-- PROVIDED MATERIAL follows --
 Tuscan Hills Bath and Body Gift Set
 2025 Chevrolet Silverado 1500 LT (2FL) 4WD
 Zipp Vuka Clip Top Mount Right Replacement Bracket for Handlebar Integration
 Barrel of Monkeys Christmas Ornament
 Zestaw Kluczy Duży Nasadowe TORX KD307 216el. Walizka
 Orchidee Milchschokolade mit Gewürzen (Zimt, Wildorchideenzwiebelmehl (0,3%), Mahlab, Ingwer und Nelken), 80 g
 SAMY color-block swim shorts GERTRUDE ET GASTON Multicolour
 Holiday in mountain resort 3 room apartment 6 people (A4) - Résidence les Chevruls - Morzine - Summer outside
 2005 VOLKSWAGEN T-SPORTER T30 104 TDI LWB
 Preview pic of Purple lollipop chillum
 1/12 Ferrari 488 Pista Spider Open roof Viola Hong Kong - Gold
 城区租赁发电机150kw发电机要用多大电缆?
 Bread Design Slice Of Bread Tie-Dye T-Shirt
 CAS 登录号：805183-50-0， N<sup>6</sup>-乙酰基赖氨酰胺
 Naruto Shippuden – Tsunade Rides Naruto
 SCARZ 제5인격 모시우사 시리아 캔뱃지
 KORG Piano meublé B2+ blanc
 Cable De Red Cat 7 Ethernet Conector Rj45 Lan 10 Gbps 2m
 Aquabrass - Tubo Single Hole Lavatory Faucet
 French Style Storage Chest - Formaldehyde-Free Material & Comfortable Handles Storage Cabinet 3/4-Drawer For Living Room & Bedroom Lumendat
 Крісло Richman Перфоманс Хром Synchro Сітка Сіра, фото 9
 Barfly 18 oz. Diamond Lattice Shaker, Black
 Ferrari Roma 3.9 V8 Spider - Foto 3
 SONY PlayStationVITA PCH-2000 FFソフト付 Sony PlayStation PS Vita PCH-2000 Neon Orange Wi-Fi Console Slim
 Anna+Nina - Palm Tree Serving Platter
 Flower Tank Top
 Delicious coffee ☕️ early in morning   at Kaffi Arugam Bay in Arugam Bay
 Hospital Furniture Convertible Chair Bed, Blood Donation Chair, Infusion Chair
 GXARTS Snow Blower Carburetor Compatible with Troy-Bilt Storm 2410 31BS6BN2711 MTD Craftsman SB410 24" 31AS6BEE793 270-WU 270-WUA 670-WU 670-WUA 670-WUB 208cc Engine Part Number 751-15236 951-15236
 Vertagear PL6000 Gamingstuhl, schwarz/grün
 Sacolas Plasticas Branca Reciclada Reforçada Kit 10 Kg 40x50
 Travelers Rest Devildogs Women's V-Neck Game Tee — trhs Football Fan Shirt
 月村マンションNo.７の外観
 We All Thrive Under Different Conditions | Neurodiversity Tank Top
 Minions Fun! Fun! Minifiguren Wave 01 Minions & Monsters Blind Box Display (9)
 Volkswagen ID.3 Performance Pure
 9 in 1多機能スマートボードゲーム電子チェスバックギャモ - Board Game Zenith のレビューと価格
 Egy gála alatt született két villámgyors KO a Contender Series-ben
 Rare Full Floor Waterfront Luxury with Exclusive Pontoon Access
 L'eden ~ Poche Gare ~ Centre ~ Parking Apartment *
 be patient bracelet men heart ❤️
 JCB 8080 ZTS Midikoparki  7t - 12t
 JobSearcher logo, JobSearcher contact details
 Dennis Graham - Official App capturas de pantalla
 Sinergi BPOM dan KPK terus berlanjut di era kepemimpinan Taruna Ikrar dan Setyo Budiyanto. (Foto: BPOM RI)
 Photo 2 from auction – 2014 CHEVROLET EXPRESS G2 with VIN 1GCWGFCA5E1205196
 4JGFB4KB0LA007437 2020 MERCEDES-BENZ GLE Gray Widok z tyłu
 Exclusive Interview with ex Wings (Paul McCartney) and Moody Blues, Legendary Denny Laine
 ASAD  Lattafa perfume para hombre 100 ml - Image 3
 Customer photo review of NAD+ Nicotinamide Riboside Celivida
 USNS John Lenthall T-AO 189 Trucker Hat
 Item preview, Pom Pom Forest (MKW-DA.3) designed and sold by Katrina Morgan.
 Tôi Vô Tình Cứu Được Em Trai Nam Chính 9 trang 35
-- PROVIDED MATERIAL concluded --
_WHAT IS BEING ASKED_
Write out all the entries exactly.

_ANSWER SECTION_
 Tuscan Hills Bath and Body Gift Set
 2025 Chevrolet Silverado 1500 LT (2FL) 4WD
 Zipp Vuka Clip Top Mount Right Replacement Bracket for Handlebar Integration
 Barrel of Monkeys Christmas Ornament
 Zestaw Kluczy Duży Nasadowe TORX KD307 216el. Walizka
 Orchidee Milchschokolade mit Gewürzen (Zimt, Wildorchideenzwiebelmehl (0,3%), Mahlab, Ingwer und Nelken), 80 g
 SAMY color-block swim shorts GERTRUDE ET GASTON Multicolour
 Holiday in mountain resort 3 room apartment 6 people (A4) - Résidence les Chevruls - Morzine - Summer outside
 2005 VOLKSWAGEN T-SPORTER T30 104 TDI LWB
 Preview pic of Purple lollipop chillum
 1/12 Ferrari 488 Pista Spider Open roof Viola Hong Kong - Gold
 城区租赁发电机150kw发电机要用多大电缆?
 Bread Design Slice Of Bread Tie-Dye T-Shirt
 CAS 登录号：805183-50-0， N<sup>6</sup>-乙酰基赖氨酰胺
 Naruto Shippuden – Tsunade Rides Naruto
 SCARZ 제5인격 모시우사 시리아 캔뱃지
 KORG Piano meublé B2+ blanc
 Cable De Red Cat 7 Ethernet Conector Rj45 Lan 10 Gbps 2m
 Aquabrass - Tubo Single Hole Lavatory Faucet
 French Style Storage Chest - Formaldehyde-Free Material & Comfortable Handles Storage Cabinet 3/4-Drawer For Living Room & Bedroom Lumendat
 Крісло Richman Перфоманс Хром Synchro Сітка Сіра, фото 9
 Barfly 18 oz. Diamond Lattice Shaker, Black
 Ferrari Roma 3.9 V8 Spider - Foto 3
 SONY PlayStationVITA PCH-2000 FFソフト付 Sony PlayStation PS Vita PCH-2000 Neon Orange Wi-Fi Console Slim
 Anna+Nina - Palm Tree Serving Platter
 Flower Tank Top
 Delicious coffee ☕️ early in morning   at Kaffi Arugam Bay in Arugam Bay
 Hospital Furniture Convertible Chair Bed, Blood Donation Chair, Infusion Chair
 GXARTS Snow Blower Carburetor Compatible with Troy-Bilt Storm 2410 31BS6BN2711 MTD Craftsman SB410 24" 31AS6BEE793 270-WU 270-WUA 670-WU 670-WUA 670-WUB 208cc Engine Part Number 751-15236 951-15236
 Vertagear PL6000 Gamingstuhl, schwarz/grün
 Sacolas Plasticas Branca Reciclada Reforçada Kit 10 Kg 40x50
 Travelers Rest Devildogs Women's V-Neck Game Tee — trhs Football Fan Shirt
 月村マンションNo.７の外観
 We All Thrive Under Different Conditions | Neurodiversity Tank Top
 Minions Fun! Fun! Minifiguren Wave 01 Minions & Monsters Blind Box Display (9)
 Volkswagen ID.3 Performance Pure
 9 in 1多機能スマートボードゲーム電子チェスバックギャモ - Board Game Zenith のレビューと価格
 Egy gála alatt született két villámgyors KO a Contender Series-ben
 Rare Full Floor Waterfront Luxury with Exclusive Pontoon Access
 L'eden ~ Poche Gare ~ Centre ~ Parking Apartment *
 be patient bracelet men heart ❤️
 JCB 8080 ZTS Midikoparki  7t - 12t
 JobSearcher logo, JobSearcher contact details
 Dennis Graham - Official App capturas de pantalla
 Sinergi BPOM dan KPK terus berlanjut di era kepemimpinan Taruna Ikrar dan Setyo Budiyanto. (Foto: BPOM RI)
 Photo 2 from auction – 2014 CHEVROLET EXPRESS G2 with VIN 1GCWGFCA5E1205196
 4JGFB4KB0LA007437 2020 MERCEDES-BENZ GLE Gray Widok z tyłu
 Exclusive Interview with ex Wings (Paul McCartney) and Moody Blues, Legendary Denny Laine
 ASAD  Lattafa perfume para hombre 100 ml - Image 3
 Customer photo review of NAD+ Nicotinamide Riboside Celivida
 USNS John Lenthall T-AO 189 Trucker Hat
 Item preview, Pom Pom Forest (MKW-DA.3) designed and sold by Katrina Morgan.
 Tôi Vô Tình Cứu Được Em Trai Nam Chính 9 trang 35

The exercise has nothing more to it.